## ACTIVITY
Word for word, restate each of the entries below, and drop every picture.

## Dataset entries

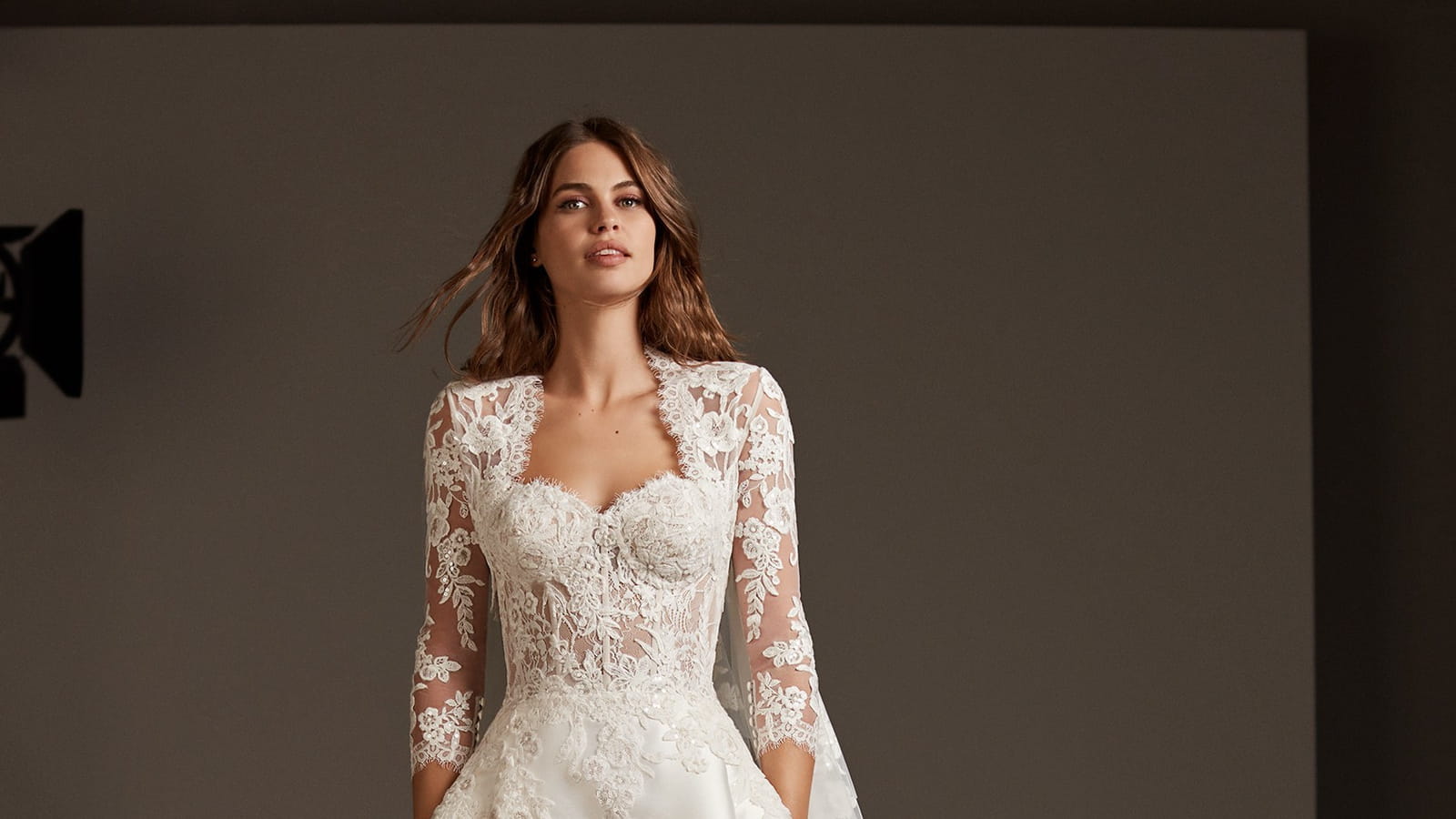 Robe Phoenicia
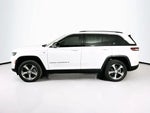 2022 Grand Cherokee Thumbnail 3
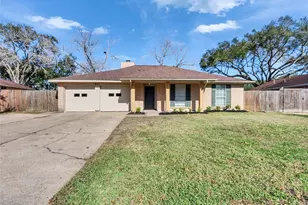 511 Stadium Ln, Friendswood, TX 77546 - Photo 1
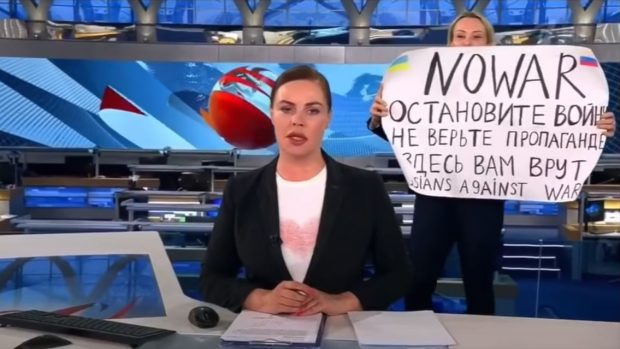 Žena protestující proti válce v ruské státní teleivze První kanál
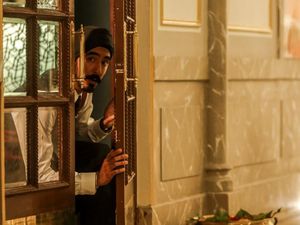 Sinopsis Hotel Mumbai, Film Kisah Nyata Hancurnya Kota di India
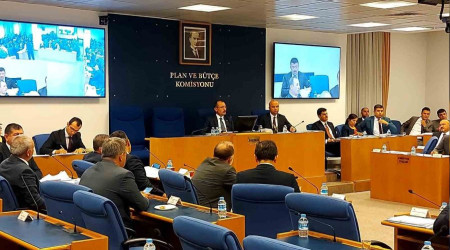 Emekliye 5 bin TL düzenlemesi torba yasada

## WRITTEN SOLUTION
 Robe Phoenicia
 2022 Grand Cherokee Thumbnail 3
 511 Stadium Ln, Friendswood, TX 77546 - Photo 1
 Žena protestující proti válce v ruské státní teleivze První kanál
 Sinopsis Hotel Mumbai, Film Kisah Nyata Hancurnya Kota di India
 Emekliye 5 bin TL düzenlemesi torba yasada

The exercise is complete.